The horrifying massacre at Charlie Hebdo in Paris this week has been another reminder of the incomprehensible form of what Buddhists call the 3 kleshas. These are the characteristics of life in this Saha world that keep us cycling through birth and death in apparently endless succession. The kleshas are
• lust, passion or greed
• hostility, anger, or aggression
• dullness, stupidity or laziness
The murderous actions of these wanna-be Muslims demonstrate once more the capacity of humans to sink to the bottom of the barrel. There is no defense, no justification, no rationale for this. Its plain and simple mindless brutality and terror.
It is a challenge for any of us in any religious tradition to uncover common humanity, forgiveness and compassion for these perpetrators. This is not unique. We face this regularly with the Robert Picktons, Paul Bernardos and Luka Magnottas who parade their viciousness across the media.

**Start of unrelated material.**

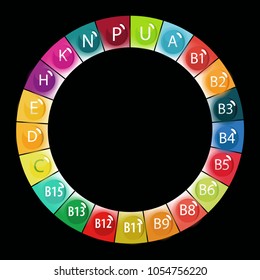 All the vitamins. Multicolored circle on a black background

We often hear that ours is a practice of non-judging and acceptance. This does not mean we are numb or passive about such atrocities. It certainly does not mean we accept such acts. Non-judgment in Dharma practice means we can acknowledge and condemn the shameless violation of the standards for human behaviour while, at the same time, acknowledging the presence of the kleshas in all our lives. We can find forgiveness and compassion through accepting how all humans are capable of such brutality, and are also capable of escaping that three-pronged curse through a life of honest faith. The pathetic excuse of espousing violence as a religious duty only deepens the stains of ignorance, selfish greed and aggression, only embeds the actors deeper in the endless suffering of samsara. May there be peace for all the heart-broken families.